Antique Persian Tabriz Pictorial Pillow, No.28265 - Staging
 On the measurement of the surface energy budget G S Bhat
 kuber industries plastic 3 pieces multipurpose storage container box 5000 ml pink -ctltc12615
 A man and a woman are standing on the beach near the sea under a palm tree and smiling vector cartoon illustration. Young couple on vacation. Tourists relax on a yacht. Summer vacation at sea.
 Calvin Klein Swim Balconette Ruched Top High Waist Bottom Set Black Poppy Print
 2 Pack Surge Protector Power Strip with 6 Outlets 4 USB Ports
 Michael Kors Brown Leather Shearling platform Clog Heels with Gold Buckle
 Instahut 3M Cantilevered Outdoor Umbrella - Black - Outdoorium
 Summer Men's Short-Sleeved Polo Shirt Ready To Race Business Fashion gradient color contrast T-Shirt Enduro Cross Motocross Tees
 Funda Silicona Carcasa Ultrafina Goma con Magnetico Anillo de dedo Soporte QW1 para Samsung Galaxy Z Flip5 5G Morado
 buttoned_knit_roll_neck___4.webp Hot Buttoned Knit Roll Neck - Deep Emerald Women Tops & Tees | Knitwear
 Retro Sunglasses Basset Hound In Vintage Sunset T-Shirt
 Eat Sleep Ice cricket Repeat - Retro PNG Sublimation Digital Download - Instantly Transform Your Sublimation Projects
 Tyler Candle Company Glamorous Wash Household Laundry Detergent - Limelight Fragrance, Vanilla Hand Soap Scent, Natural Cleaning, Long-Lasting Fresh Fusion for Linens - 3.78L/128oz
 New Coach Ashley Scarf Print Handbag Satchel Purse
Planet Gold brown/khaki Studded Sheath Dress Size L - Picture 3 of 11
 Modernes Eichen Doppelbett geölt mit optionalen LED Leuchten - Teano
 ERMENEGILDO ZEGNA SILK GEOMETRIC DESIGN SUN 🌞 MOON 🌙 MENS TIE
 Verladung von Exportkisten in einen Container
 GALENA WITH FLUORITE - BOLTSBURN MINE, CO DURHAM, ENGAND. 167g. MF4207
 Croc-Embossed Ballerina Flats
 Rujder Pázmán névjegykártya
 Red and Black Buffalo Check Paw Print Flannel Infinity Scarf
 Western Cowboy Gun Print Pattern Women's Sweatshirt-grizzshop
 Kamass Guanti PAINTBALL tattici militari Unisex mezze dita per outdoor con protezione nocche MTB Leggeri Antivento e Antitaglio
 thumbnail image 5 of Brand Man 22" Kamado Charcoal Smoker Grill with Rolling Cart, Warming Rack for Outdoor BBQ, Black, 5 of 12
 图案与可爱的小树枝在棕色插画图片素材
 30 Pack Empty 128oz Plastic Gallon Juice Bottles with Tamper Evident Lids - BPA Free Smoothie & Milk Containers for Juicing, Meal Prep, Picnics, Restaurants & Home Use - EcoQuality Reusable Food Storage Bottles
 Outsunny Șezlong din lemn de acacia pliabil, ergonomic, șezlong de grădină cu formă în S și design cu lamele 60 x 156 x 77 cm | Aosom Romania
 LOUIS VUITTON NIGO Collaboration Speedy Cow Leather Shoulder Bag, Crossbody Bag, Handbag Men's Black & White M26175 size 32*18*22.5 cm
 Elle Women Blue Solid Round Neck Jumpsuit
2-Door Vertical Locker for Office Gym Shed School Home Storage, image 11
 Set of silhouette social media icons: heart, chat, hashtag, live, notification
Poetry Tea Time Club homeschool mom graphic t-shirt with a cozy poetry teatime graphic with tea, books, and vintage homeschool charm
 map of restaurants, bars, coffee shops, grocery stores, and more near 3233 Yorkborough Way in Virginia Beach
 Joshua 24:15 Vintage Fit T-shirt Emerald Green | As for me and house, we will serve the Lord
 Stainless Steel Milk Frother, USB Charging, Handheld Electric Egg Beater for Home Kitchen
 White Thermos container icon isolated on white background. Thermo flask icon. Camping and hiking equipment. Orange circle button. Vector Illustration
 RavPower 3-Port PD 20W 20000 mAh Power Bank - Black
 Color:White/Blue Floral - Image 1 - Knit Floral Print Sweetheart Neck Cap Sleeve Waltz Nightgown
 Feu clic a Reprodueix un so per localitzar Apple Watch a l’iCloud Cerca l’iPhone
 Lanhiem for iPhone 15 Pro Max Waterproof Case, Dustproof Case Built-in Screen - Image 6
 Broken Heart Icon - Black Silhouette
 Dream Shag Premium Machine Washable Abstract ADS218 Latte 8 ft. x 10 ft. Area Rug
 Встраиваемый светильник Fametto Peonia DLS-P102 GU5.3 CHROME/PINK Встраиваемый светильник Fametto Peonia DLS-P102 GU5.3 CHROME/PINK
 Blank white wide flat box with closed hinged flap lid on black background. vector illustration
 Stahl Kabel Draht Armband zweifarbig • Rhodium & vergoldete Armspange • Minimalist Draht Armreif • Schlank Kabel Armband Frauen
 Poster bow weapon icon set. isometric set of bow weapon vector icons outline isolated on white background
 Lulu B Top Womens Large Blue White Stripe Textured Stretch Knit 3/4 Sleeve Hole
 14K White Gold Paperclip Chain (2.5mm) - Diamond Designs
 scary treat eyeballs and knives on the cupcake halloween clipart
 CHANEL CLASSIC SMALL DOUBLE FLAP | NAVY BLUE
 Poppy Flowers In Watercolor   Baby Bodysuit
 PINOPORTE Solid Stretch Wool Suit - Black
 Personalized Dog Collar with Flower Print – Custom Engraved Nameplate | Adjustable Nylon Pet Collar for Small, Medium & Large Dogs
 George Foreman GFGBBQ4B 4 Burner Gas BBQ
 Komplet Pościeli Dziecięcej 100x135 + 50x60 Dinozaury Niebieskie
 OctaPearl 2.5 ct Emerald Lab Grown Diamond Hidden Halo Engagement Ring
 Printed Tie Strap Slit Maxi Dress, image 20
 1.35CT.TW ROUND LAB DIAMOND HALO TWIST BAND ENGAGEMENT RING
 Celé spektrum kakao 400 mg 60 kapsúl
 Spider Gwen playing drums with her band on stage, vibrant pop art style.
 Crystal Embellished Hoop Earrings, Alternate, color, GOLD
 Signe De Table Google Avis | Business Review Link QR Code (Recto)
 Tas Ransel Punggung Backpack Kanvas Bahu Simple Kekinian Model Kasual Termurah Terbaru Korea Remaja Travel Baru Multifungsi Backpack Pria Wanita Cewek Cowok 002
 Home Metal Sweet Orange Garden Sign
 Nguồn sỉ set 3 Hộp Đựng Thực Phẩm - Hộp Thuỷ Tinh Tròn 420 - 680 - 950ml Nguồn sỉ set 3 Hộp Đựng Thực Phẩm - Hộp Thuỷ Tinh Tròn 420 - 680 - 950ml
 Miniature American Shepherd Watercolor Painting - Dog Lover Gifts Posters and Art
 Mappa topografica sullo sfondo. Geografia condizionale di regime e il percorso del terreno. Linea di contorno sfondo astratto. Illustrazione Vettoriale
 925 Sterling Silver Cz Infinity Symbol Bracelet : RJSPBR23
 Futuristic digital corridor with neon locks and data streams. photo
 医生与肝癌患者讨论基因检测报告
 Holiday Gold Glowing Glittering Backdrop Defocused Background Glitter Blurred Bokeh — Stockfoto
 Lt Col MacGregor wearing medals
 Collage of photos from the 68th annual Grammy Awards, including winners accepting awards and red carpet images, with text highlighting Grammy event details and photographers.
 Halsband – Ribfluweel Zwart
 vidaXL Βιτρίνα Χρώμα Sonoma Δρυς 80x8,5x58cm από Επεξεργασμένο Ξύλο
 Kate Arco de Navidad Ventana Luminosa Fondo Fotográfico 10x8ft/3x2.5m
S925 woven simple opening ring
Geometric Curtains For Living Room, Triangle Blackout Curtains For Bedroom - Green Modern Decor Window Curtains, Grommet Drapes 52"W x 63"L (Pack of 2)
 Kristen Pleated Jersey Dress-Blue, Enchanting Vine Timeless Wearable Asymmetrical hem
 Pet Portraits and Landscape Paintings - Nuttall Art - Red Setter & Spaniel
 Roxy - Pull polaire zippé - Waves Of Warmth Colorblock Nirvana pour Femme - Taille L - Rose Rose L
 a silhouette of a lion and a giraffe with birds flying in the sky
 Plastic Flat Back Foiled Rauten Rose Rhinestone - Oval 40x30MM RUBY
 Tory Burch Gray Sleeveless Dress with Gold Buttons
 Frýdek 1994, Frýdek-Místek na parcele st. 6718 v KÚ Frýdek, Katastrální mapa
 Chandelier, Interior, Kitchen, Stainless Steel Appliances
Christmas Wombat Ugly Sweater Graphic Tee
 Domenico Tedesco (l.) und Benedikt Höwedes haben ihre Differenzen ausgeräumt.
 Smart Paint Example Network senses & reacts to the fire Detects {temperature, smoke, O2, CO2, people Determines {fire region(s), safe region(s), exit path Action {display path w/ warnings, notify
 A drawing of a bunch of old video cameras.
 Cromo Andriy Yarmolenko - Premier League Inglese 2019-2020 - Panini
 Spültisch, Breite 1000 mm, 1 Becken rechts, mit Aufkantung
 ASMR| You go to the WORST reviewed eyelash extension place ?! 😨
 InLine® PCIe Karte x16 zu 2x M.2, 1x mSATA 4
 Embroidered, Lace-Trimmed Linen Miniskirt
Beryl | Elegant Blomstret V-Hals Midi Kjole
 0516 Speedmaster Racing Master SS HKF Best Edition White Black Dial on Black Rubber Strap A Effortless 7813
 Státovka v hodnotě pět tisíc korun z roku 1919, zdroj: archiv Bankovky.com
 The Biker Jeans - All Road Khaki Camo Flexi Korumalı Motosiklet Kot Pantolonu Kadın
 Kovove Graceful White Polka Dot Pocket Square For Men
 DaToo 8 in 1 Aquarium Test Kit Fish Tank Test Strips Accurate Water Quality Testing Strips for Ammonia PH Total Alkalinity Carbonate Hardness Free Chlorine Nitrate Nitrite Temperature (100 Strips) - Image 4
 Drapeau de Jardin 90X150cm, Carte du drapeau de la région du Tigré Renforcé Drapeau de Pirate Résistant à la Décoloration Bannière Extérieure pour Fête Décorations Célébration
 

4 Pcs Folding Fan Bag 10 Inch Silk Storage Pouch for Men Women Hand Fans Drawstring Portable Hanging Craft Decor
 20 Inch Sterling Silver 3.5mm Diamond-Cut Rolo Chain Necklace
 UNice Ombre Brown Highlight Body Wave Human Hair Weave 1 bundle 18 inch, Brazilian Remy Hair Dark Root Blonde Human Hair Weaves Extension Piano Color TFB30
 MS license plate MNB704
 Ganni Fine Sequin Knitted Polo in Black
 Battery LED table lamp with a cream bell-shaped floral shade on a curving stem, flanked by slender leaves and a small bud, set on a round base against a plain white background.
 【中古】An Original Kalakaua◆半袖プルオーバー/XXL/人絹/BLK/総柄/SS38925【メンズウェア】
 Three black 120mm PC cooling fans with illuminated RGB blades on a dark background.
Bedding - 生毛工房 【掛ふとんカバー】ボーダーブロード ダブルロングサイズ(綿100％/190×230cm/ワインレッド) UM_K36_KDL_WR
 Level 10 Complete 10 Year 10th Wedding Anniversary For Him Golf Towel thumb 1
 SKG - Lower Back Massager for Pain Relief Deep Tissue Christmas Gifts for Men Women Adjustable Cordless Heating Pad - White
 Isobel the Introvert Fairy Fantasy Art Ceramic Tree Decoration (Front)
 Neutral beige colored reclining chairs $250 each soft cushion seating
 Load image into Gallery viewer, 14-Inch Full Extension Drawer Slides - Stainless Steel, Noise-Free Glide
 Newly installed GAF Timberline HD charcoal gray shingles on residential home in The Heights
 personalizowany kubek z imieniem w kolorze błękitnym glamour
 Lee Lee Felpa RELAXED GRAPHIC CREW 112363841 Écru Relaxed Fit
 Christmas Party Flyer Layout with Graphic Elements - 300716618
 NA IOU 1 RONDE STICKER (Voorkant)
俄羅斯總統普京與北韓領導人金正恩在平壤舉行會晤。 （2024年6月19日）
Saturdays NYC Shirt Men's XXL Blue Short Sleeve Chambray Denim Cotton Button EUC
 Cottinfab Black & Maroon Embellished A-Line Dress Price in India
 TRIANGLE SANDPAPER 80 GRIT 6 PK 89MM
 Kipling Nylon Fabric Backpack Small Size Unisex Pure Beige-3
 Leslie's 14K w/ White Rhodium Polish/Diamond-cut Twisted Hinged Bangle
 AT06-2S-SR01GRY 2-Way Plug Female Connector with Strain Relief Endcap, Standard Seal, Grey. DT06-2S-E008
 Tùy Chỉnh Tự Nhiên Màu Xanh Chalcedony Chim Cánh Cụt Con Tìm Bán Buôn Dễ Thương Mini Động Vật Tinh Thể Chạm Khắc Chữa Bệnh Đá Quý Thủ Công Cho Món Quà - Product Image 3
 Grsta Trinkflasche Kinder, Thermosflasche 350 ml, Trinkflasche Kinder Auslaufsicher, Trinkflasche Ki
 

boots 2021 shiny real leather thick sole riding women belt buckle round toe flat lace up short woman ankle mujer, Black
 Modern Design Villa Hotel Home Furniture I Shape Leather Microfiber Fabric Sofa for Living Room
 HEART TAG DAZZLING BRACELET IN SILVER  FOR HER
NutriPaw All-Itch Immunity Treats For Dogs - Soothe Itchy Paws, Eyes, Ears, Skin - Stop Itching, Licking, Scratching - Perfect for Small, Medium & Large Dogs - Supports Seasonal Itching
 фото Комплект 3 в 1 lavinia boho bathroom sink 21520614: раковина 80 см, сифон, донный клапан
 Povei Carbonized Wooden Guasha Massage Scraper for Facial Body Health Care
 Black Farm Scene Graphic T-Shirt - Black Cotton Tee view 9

==*==

• _GOAL OF THE EXERCISE_: Where a line in the material above holds "Solid", copy that line.

• _COMPLETED EXERCISE_:
 Elle Women Blue Solid Round Neck Jumpsuit
 PINOPORTE Solid Stretch Wool Suit - Black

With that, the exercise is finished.